Tiene los brazos cruzados detrás de la nuca, y es larga y afilada
como una espada, o como… ¿como qué? Juan Manuel se esfuerza en
encontrar la imagen que siente presa y aleteando en su memoria.
—La
comida está servida.
Yolanda
se incorpora, sus pupilas se apagan de golpe. Y al pasar le clava
rápidamente esas pupilas de una negrura sin transparencia, y le roza
el pecho con su manga de tul, como con un ala. Y la imagen afluye por
fin al recuerdo de Juan Manuel, igual que una burbuja a flor de agua.
—Ya
sé a qué se parece usted. Se parece a una gaviota.
Un
gritito ronco, extraño, y Yolanda se desploma largo a largo y sin
ruido sobre la alfombra. Reina un momento de estupor, de inacción;
luego todos se precipitan para levantarla, desmayada. Ahora la
transportan sobre el sofá, la acomodan en los cojines, piden agua.

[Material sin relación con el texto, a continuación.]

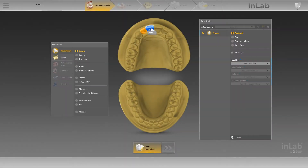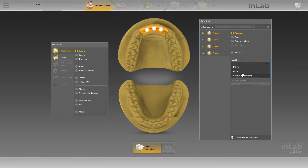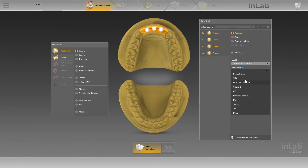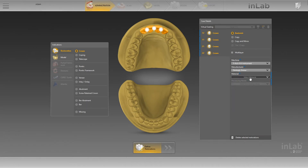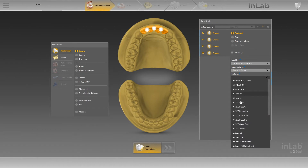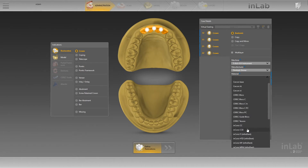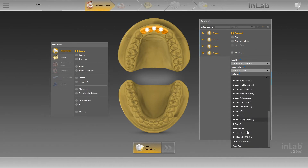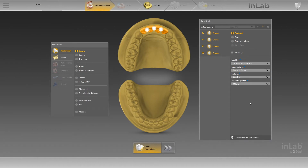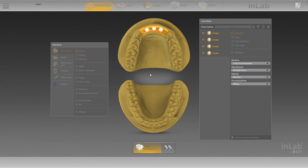Today I'm going to show you how to do zero prep composite edition models within inLab. We're going to select four different restorations — they can be crowns, it doesn't really matter — and we're going to select them as five axis in the administration phase. The material doesn't really matter, it can be anything.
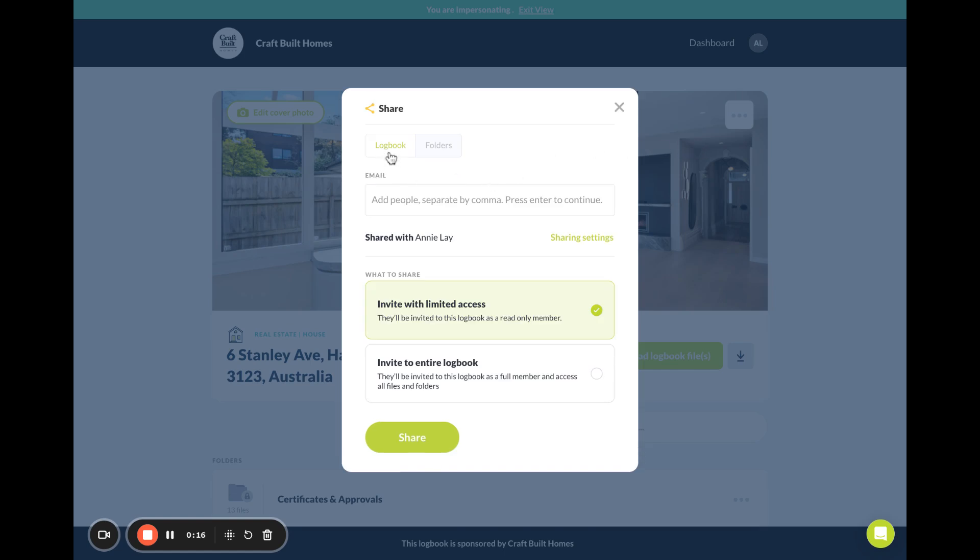Here you can determine if you want to share the entire logbook or just give read-only access. So that's for entire logbook, and you just put the person's email address here. You can have a number of email addresses.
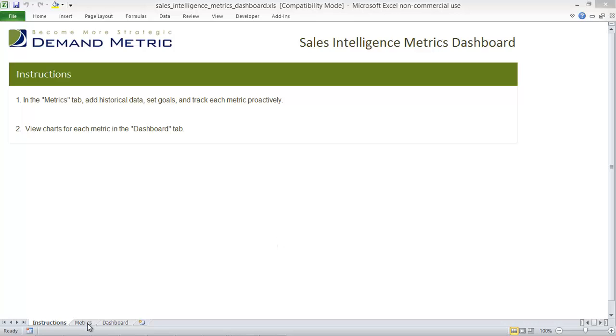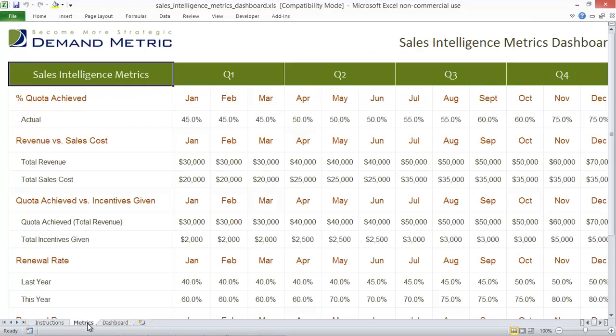In the Metrics tab, we've included key metrics for the Sales Intelligence Programs. You can measure these metrics on a monthly basis, and the metrics are as follows.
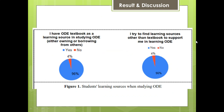This is the result of our study. First, we would like to know student learning sources when studying ODE. Almost all of the students have a textbook as a learning source. Interestingly, 69% of the participants tried to find learning sources other than the textbook to support them in learning ODE. These other learning sources are defined as video tutorials, modules, or other website materials related to ODE courses.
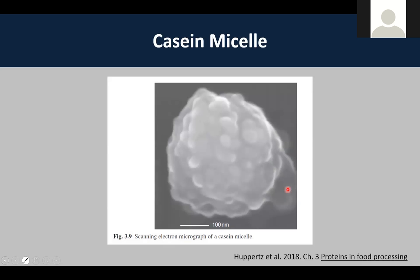This is a picture of a casein micelle. All the different caseins coagulate together — it's not just a beta casein micelle or an alpha-s1 micelle, it's all of them together. Kappa caseins tend to be on the surface. That's just to give you a picture of what a casein micelle looks like.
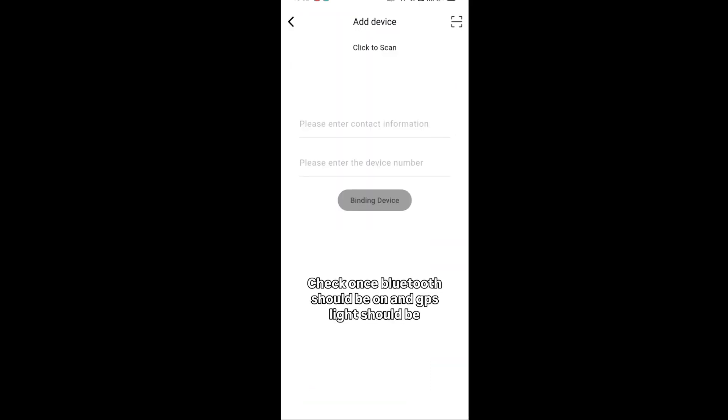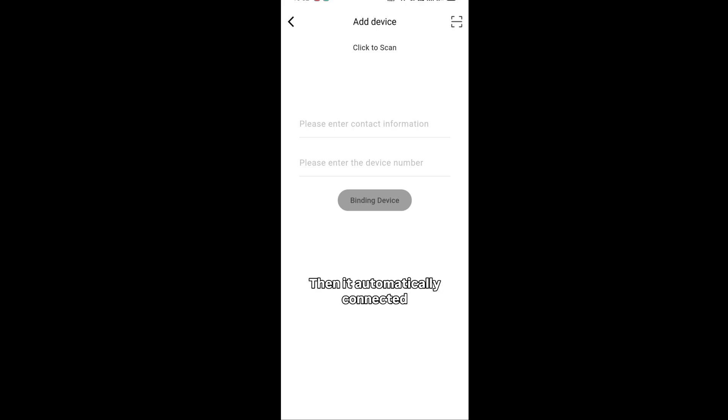Check that Bluetooth should be on and GPS light should be on. Then it automatically connects.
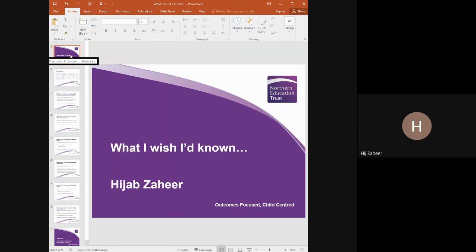Hello everyone. I'd like to welcome you to a short presentation about what I wish I had known before I embarked on a career in teaching English. My name is Hijab Zahia. I am the principal at Northern Education Trust Red House Academy. I've been teaching for over 10 years and I hope that this presentation is of value to you all.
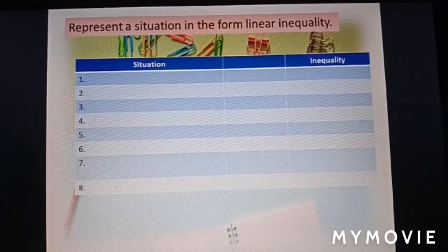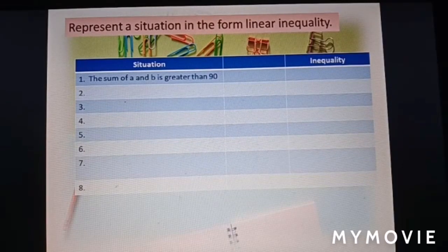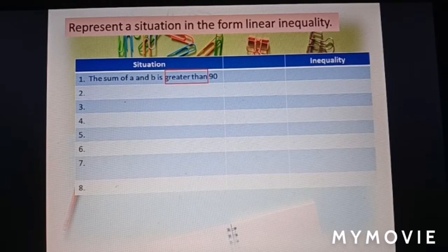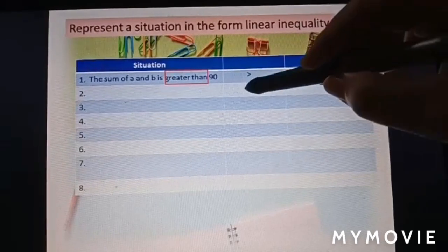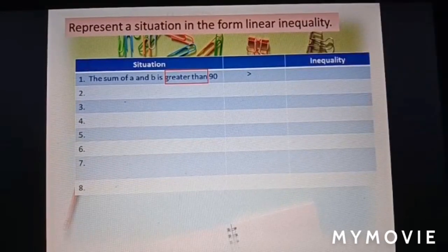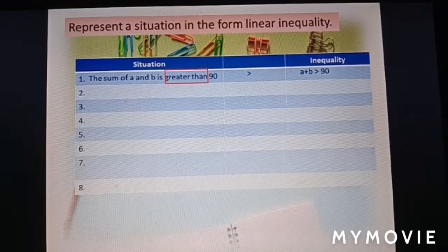Let us look at the table below. First situation: the sum of a and b is greater than 90. The keyword here is 'greater than.' The greater than symbol is like this, so the inequality is: a plus b greater than 90.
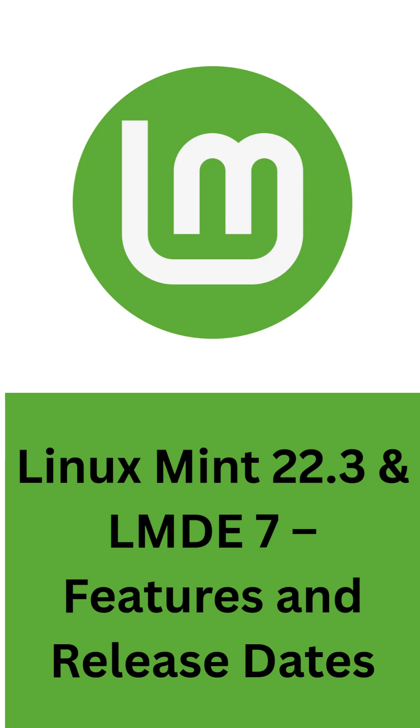There are a couple of key changes to note. LMDE 7 will only support 64-bit systems since Debian 13 has dropped 32-bit support.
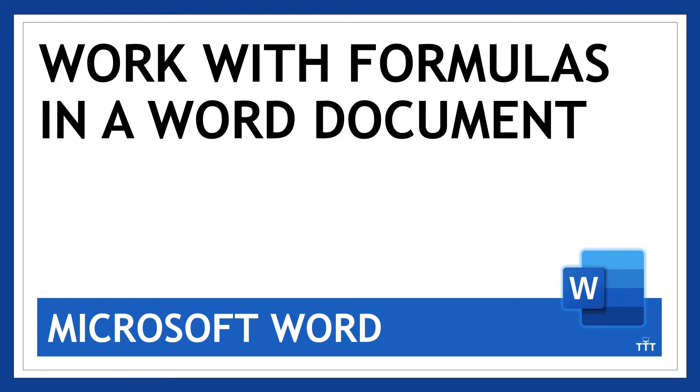Well hello there and thanks for tuning in. You might have worked with formulas in Microsoft Excel before, but you might be surprised to know you can do basic calculations and formulas in Word as well. Let me show you how.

¿Qué ha dicho? ¿Qué le ha dicho?
—Le
dije… —empieza a explicar Juan Manuel; pero calla bruscamente,
sintiéndose culpable de algo que ignora, temiendo, sin saber por
qué, revelar un secreto que no le pertenece. Mientras tanto Yolanda,
que ha vuelto en sí, suspira oprimiéndose el corazón con las dos
manos como después de un gran susto. Se incorpora a medias, para
extenderse nuevamente sobre el hombro izquierdo. Federico protesta.
—No.
No te recuestes sobre el corazón. Es malo.
Ella
sonríe débilmente, murmura: «Ya lo sé. Déjenme». Y hay tanta
vehemencia triste, tanto cansancio en el ademán con que los despide,
que todos pasan sin protestar a la habitación contigua. Todos, salvo
Juan Manuel que permanece de pie junto a la chimenea.
Lívida,
inmóvil, Yolanda duerme o finge dormir recostada sobre el corazón.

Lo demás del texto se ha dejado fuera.